- Riverton, Mississippi Location within the state of Mississippi Riverton, Mississippi Riverton, Mississippi (the United States)
- Coordinates: 33°49′11″N 91°01′15″W﻿ / ﻿33.81972°N 91.02083°W
- Country: United States
- State: Mississippi
- County: Bolivar
- Elevation: 131 ft (40 m)
- Time zone: UTC-6 (Central (CST))
- • Summer (DST): UTC-5 (CDT)
- GNIS feature ID: 692179

= Riverton, Mississippi =

Riverton (also Riverton Landing) is a ghost town in Bolivar County, Mississippi, United States.

Riverton was located directly on the Mississippi River, and flourished during the 1870s and 1880s. The location is today occupied by a shipping port and industrial park. North of the former settlement is Great River Road State Park.

==History==
Riverton was located along a bend in the Mississippi River called "Rosedale Bend", and nearby Rosedale was located at the top of the bend.

The location was originally known as "Wood Yard" and "Old Pride's Point", and was a place where steamboats would stop during the 1840s to load fuel-wood harvested from the dense forests near the river.

Riverton was one of many Mississippi settlements established on the Mississippi River opposite the mouths of the White River and Arkansas River in Arkansas.

B. J. Martin built the first railroad in Bolivar County from Riverton to Bogue Phalia, approximately 8 mi east. The railcars were pulled by mules.

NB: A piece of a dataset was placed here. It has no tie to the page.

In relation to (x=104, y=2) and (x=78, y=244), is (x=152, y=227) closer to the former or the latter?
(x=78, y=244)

Charles T. Christmas, a former slave from Riverton, patented a bailing press in 1880 which made cotton bales more compact, and therefore cut shipping costs.

In 1884, D. Reinach built one of the largest stores in the Bolivar County at Riverton, and served as postmaster of the Riverton post office.

A post office operated under the name Riverton from 1873 to 1896.

==Decline==
Large sandbars formed along the east bank of Rosedale Bend, leaving both Rosedale and Riverton without access to the river. Riverton "gave up the battle in the 1880s and quietly disappeared".

==Port of Rosedale==
During the late 1970s, the United States Army Corps of Engineers constructed a 2.7 mi-long channel running southwest from the Riverton location to the Mississippi River. The Port of Rosedale was erected on the site of the former settlement, featuring a port facility and 270 acre industrial park. In 2011, the Port of Rosedale processed 1.5 million tons of cargo.